• speaking of all things dairy…

    The French language, like many languages, is rich, diverse and constantly evolving.

    But you’ll never find the dross to gold spectrum in any language text book; it’s all in the spoken word.

    Perhaps you’ve previously come across, for instance, verlen. It’s the language within French where fou (crazy) becomes “ouf”, lourd (heavy) becomes “relou” and one is even offered a new form of public transport, as métro becomes “tromé”. The key to the upside-down verlen is hinted at by its name, an inversion of the inverse (l’envers), whereby the syllables switch their order.

    But I’m going to write instead about the less well known yaourt (yoghurt).

    Yoghurt is best explained in Le Péril Jeune (the English title is The Good Old Daze), an early film of Cédric Klapisch, featuring Romain Duris.
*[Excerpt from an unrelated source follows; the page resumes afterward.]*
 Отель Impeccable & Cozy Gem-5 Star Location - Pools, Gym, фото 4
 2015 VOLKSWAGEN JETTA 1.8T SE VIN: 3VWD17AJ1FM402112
It’s set in a high school in 1975, and one of the main characters, Bruno, apologetically explains yoghurt to the young assistant English teacher. He tells her that whilst he loves music, plays guitar and writes his own songs, whenever he listens to British or American songs, he can only sing along in “yaourt”. She asks, puzzled, what he means by “yaourt”, and then he demonstrates by singing Leonard Cohen’s ‘Suzanne’. It goes a little something like this:

    “Suzanne-punan-bunan-stour-dan-aiii-flight-right… and play my voh…”

    I know some people who can sing all of Billy Ray Cyrus’ ‘Achy Break Heart’, but only in yoghurt. It only applies to renditions of English language songs however, because apparently the key to it is imagining that you have your mouth full of yoghurt whilst singing.